[Task brief] Exactly as they appear below, repeat the lines from the one with "Tvoros segmentų rinkinys, juodos" through the one with "SATØ, 1920 census for Berg, 1920, p. 2040", and no others.

++++ Extracted records

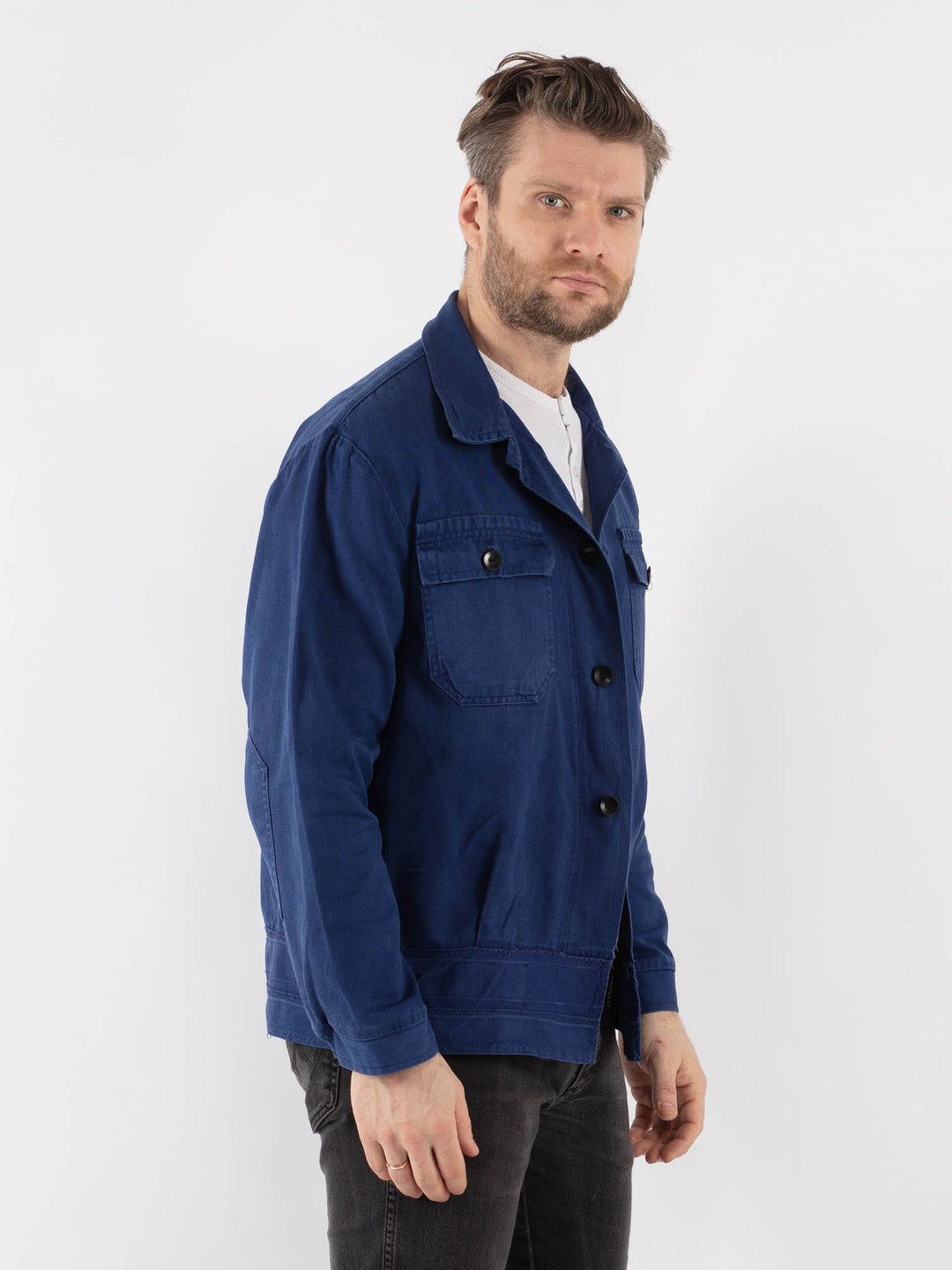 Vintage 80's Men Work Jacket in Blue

++++++++
++++ Extracted records

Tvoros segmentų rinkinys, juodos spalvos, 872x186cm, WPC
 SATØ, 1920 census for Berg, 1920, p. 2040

++++++++

[Exercise solution]
Tvoros segmentų rinkinys, juodos spalvos, 872x186cm, WPC
 SATØ, 1920 census for Berg, 1920, p. 2040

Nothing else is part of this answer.